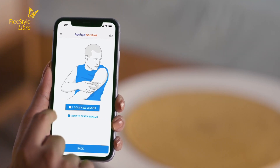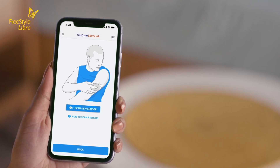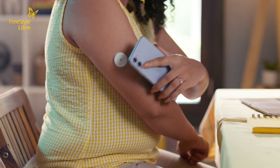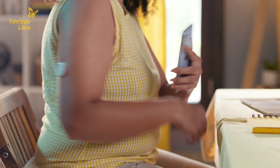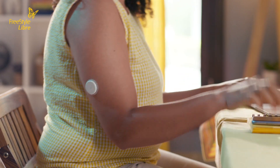If you're using an iPhone, tap either the blue scan new sensor button or the icon on the upper right-hand corner of the app. Then bring the top edge of your iPhone near the sensor. Your iPhone will vibrate and emit a sound upon successful scanning.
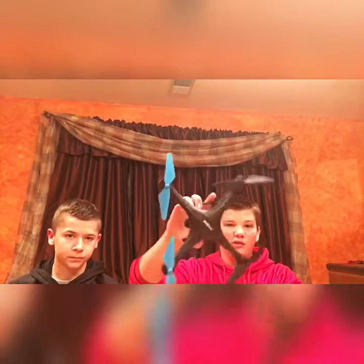It mainly looks bigger with the blade guards on. It's mostly for outdoor flying without blade guards, but it's a pretty good drone that flies in a lot of different conditions. You can fly it with FPV so you see what the drone sees, and you also have the opportunity to get the virtual reality headset, which makes you feel like you're actually there.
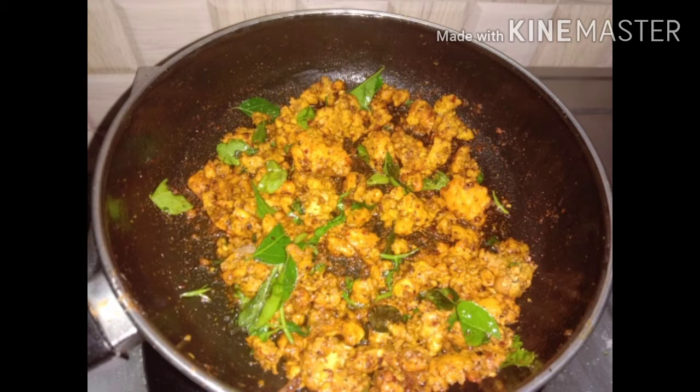With this, we mix well with the same. We have some sophisticated soy sauce. This recipe is ready for the chicken.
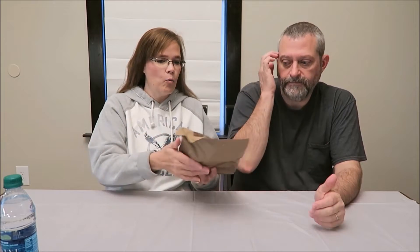Today Kevin and I are going to be trying an MRE. This is meal number five, a meal ready to eat. We bought these MREs from Ozark Outdoors on Amazon, and I will leave a link in the description below.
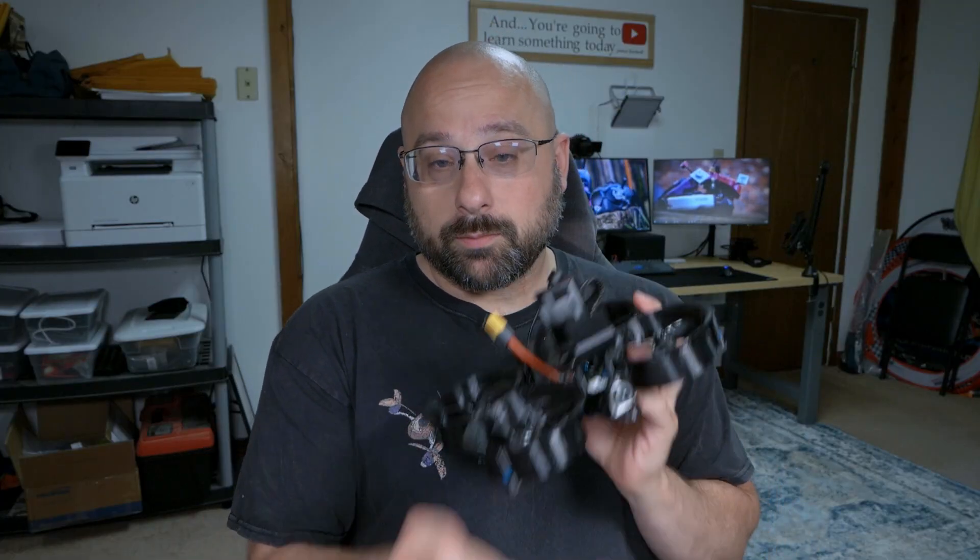Air mode is really Betaflight's problem child because it's necessary but it causes so many problems, especially if you fly a cine whoop, tiny whoop, or any small ducted quad. If you fly those with air mode on and smack into a wall, it just sticks to the wall and won't come off. You can turn air mode off, but then all the problems it was designed to fix come back. What if there was a way to have air mode only when you really needed it? That's what I'm going to show you today. I'm Joshua Bardwell and you're going to learn something today.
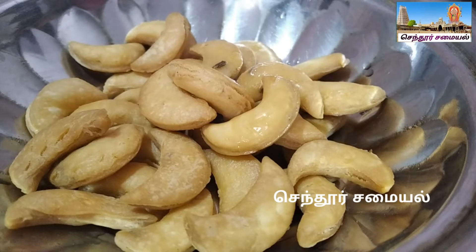Hi guys, welcome to our channel. In our channel, we are going to see what we are going to do. It's a cashew model, a maitha biscuit.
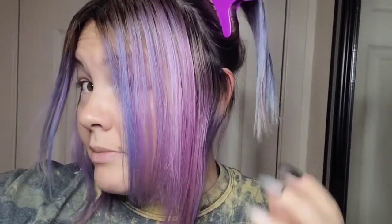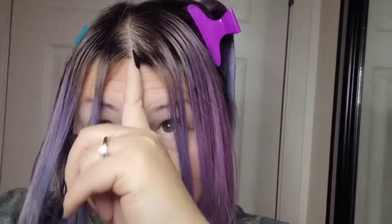Hey everybody. My hair is sectioned into four parts. I got as close to a middle part as I could possibly get — I have an interesting hairline. Christmas hair 2020, here we come.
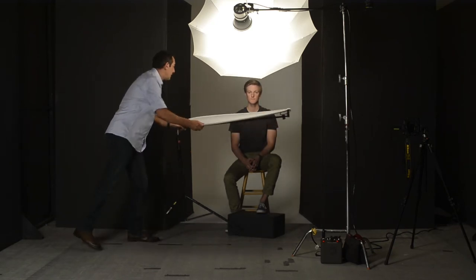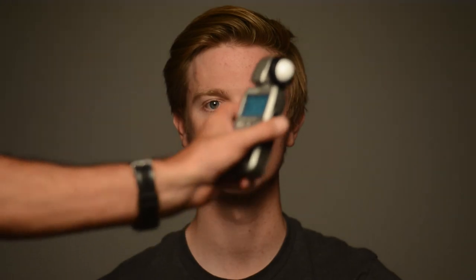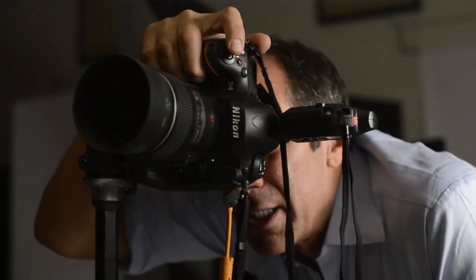So I'm going to pull this out and we're going to get a light meter reading with my Sekonic meter. We're getting F16 at 125 and we're ready to shoot. All right, here we go — look down a little bit, Steven.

::::::::

:: What to produce ::
All the lines above must be written out exactly, without a single picture.

:: Task output ::
If you're using an iPhone, tap either the blue scan new sensor button or the icon on the upper right-hand corner of the app. Then bring the top edge of your iPhone near the sensor. Your iPhone will vibrate and emit a sound upon successful scanning.
It mainly looks bigger with the blade guards on. It's mostly for outdoor flying without blade guards, but it's a pretty good drone that flies in a lot of different conditions. You can fly it with FPV so you see what the drone sees, and you also have the opportunity to get the virtual reality headset, which makes you feel like you're actually there.
With this, we mix well with the same. We have some sophisticated soy sauce. This recipe is ready for the chicken.
Today Kevin and I are going to be trying an MRE. This is meal number five, a meal ready to eat. We bought these MREs from Ozark Outdoors on Amazon, and I will leave a link in the description below.
Air mode is really Betaflight's problem child because it's necessary but it causes so many problems, especially if you fly a cine whoop, tiny whoop, or any small ducted quad. If you fly those with air mode on and smack into a wall, it just sticks to the wall and won't come off. You can turn air mode off, but then all the problems it was designed to fix come back. What if there was a way to have air mode only when you really needed it? That's what I'm going to show you today. I'm Joshua Bardwell and you're going to learn something today.
Hi guys, welcome to our channel. In our channel, we are going to see what we are going to do. It's a cashew model, a maitha biscuit.
Hey everybody. My hair is sectioned into four parts. I got as close to a middle part as I could possibly get — I have an interesting hairline. Christmas hair 2020, here we come.
So I'm going to pull this out and we're going to get a light meter reading with my Sekonic meter. We're getting F16 at 125 and we're ready to shoot. All right, here we go — look down a little bit, Steven.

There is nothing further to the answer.